Architects and designers take their cue from the market. If you open any home magazine you see houses inspired
by the Colonials of 400 years ago, Cape Cods, Tudors, Split levels, Ranches etc. All Post & Beam construction. Housing
has become traditional. It’s a life-style, it’s nostalgic it’s what people choose, but what choices have
they had?
Since 1929, when architect-inventor Buckminster Fuller stunned the world with his alien looking geodesic
dome, planners and dreamers have had grand designs for the future, but there are no obvious answers. The need seems more pressing
than ever: What will the house of the future look like? Ask a homeowner to conjure up the home of the future and the results
are likely to be sleek, smart, sophisticated or in the images of the Jetsons’ sky pad.

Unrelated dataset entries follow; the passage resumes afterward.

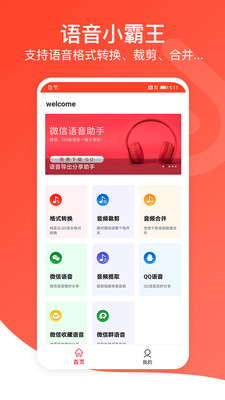 聆听音乐app最新版下载1.1.6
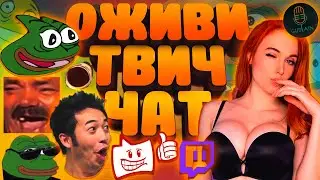 ПОЛНЫЙ ОБЗОР И НАСТРОЙКА BTTV | KEKW и BOOBA в твоем Twitch
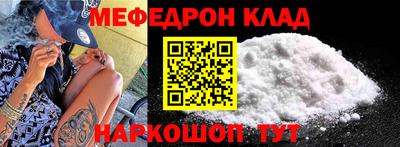 mix Кандалакша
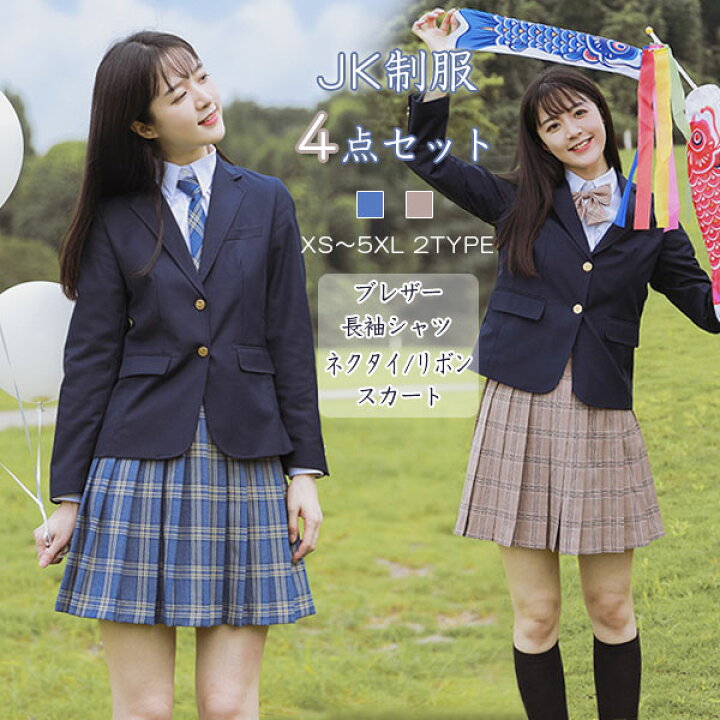 楽天市場 女子高生 制服セット Jk リボン ネクタイ ブレザー スカート チェック 学生 スクール 長袖 コスプレ 春秋 ファッション レディース 高校制服 4点セット 学生服 セーラー服 Jk制服 Cos コス ジャケット お揃い 卒業式スーツ Hooneyz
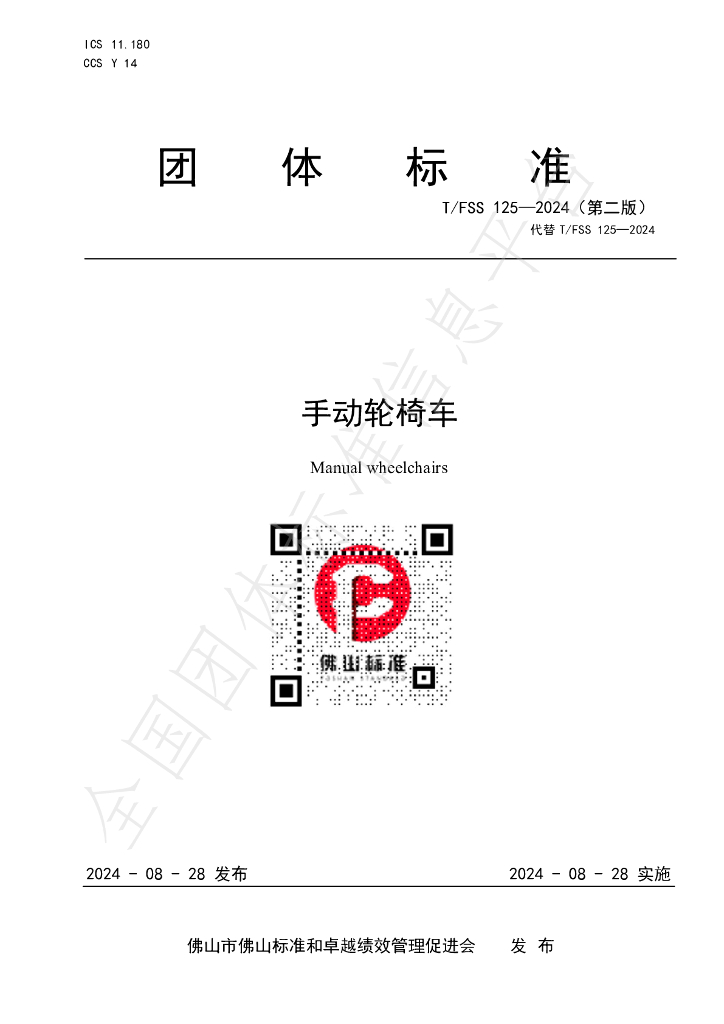 T/FSS 125-2024 标准预览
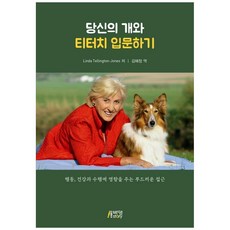 당신의 개와 티터치 입문하기, 피와이메이트, Linda Tellington-Jones
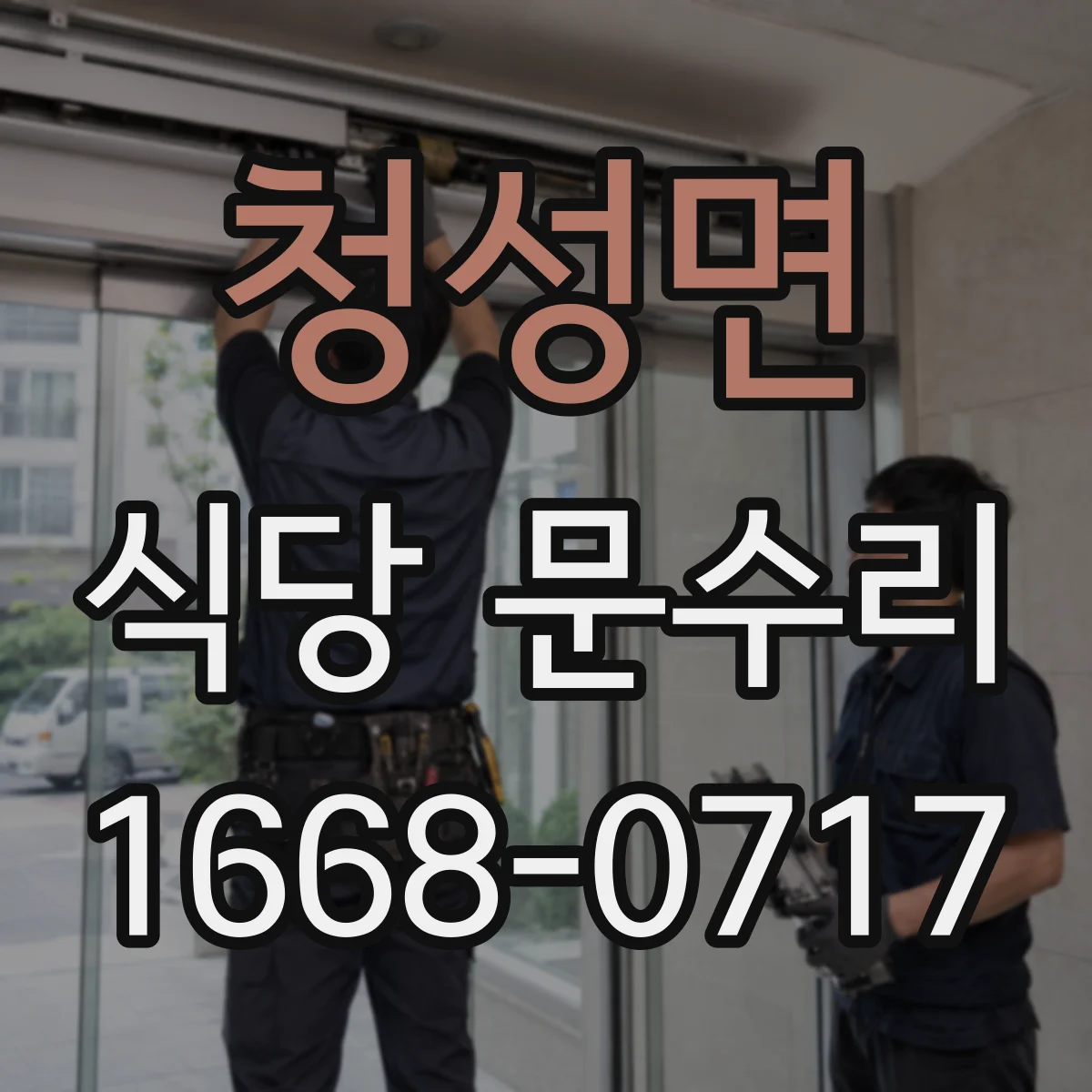 청성면 식당 문수리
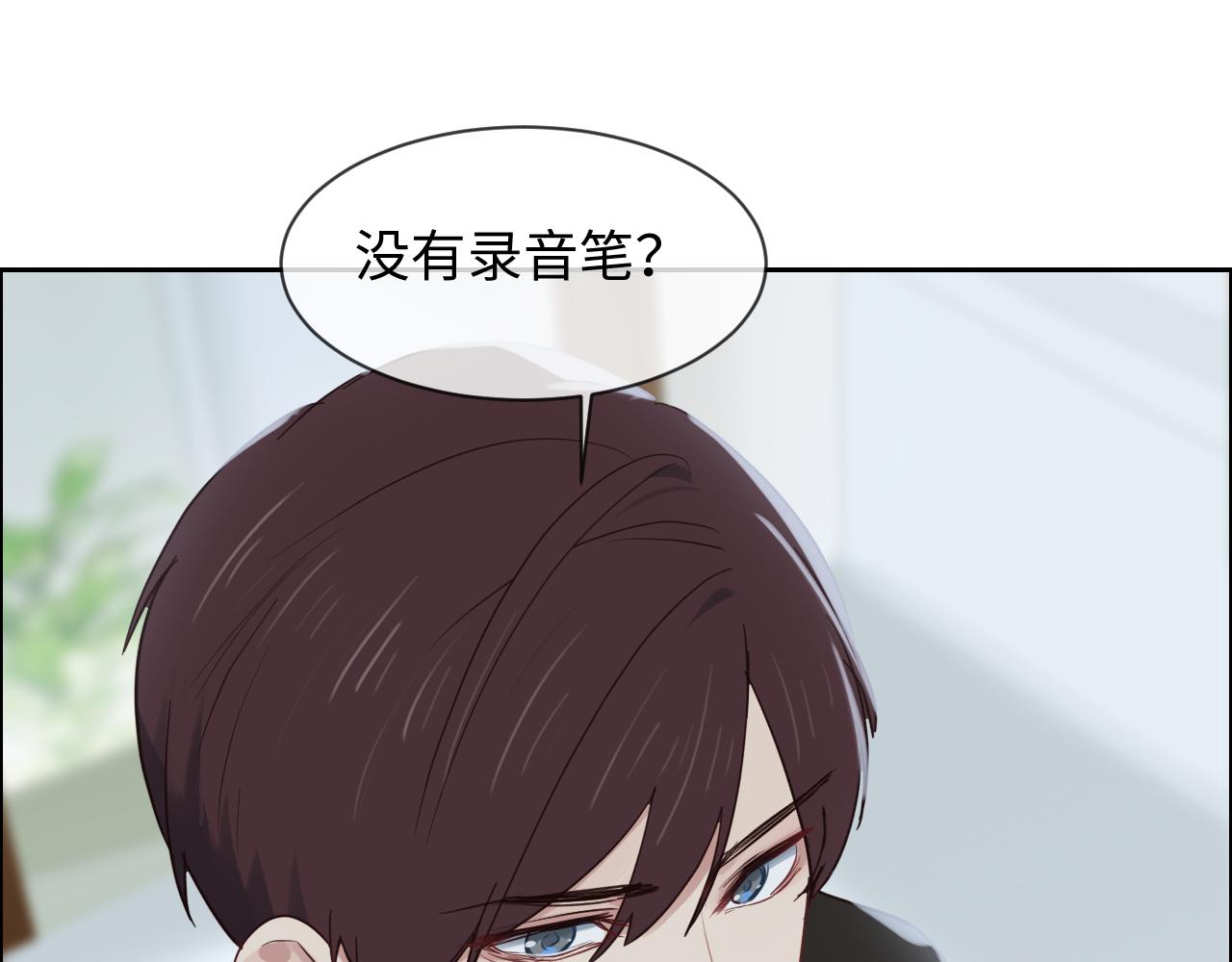 《相濡易木》漫画最新章节第249话：确实很无趣免费下拉式在线观看章节第【27】张图片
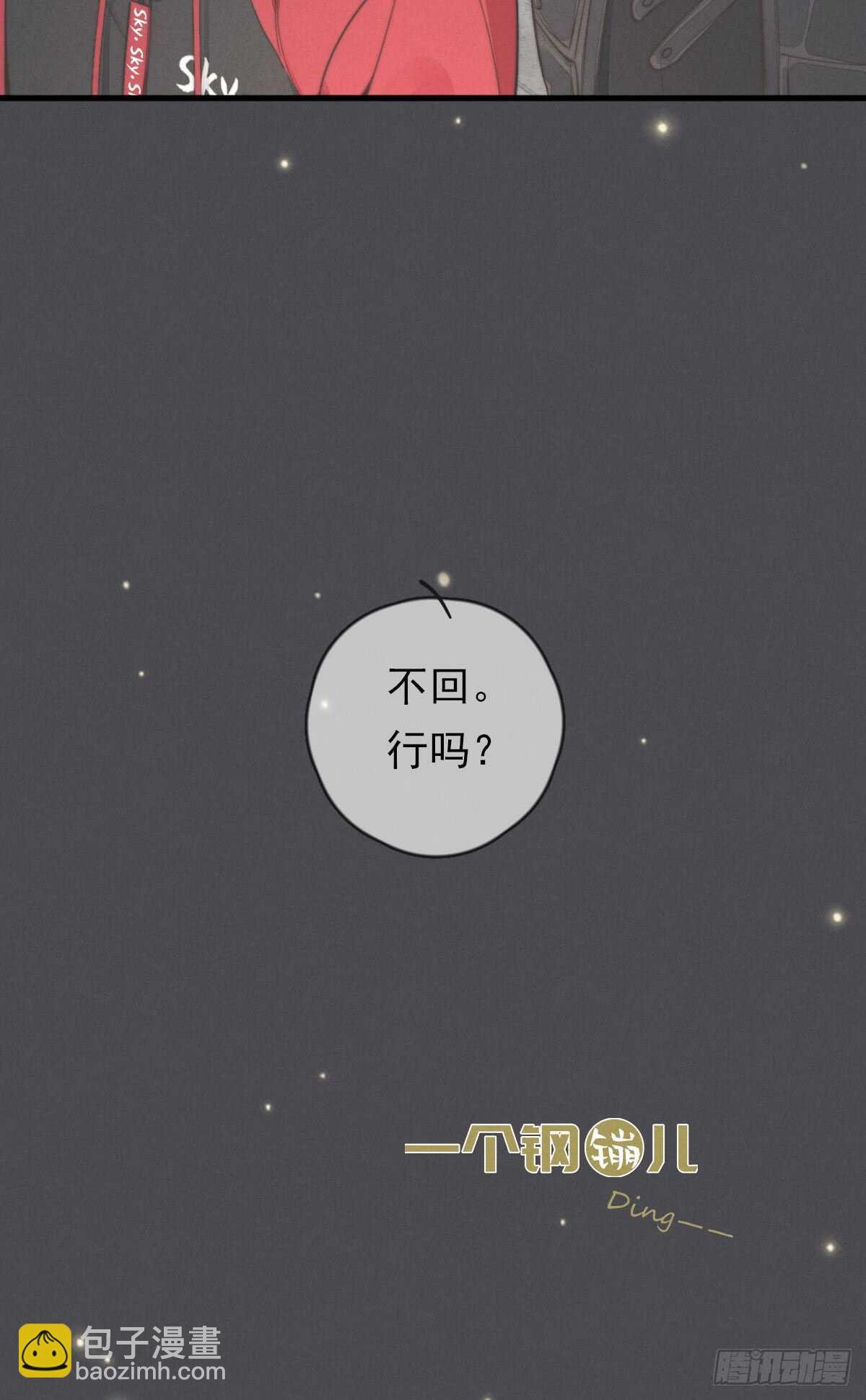 第47话 这就是缘分啊！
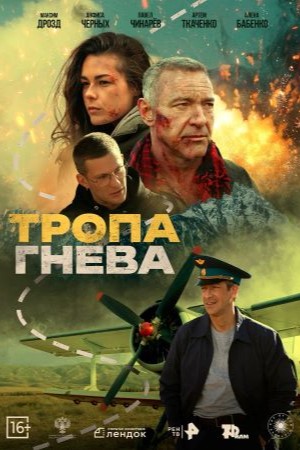 Фильм Тропа гнева (2025) (2025) смотреть онлайн в 4K UHD без регистрации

OK, maybe you plan on parking
the futuristic moeller-400 skycar in the garage. In a world in which Bill Gates' Techno-Mansion is a reality, a home that
thinks and cooks for you is here today. As anyone who owns a PC or DVD knows, the footprint is in place. The next few years,
homes could be all the things they are not yet: smart, green, efficient and flexible, meeting the demands of the increasingly
diverse family. All the technologies are available to us today, all we have to do is apply them, and be able to afford them.
There is now a design revolution in progress. Building concepts are changing. What it is becoming has many
names, sustainable, livable, ecological, green. No matter what label you use, the goal of these is to employ building techniques
that nourish rather than deplete resources. These earth-conscious concepts encourage green building and lifestyle habits,
which adhere to the United Nations definition of sustainable: "Meeting the needs of the present without compromising the ability
of future generations to meet their needs." Consumers are becoming more sensitive to the way their homes are built and operate.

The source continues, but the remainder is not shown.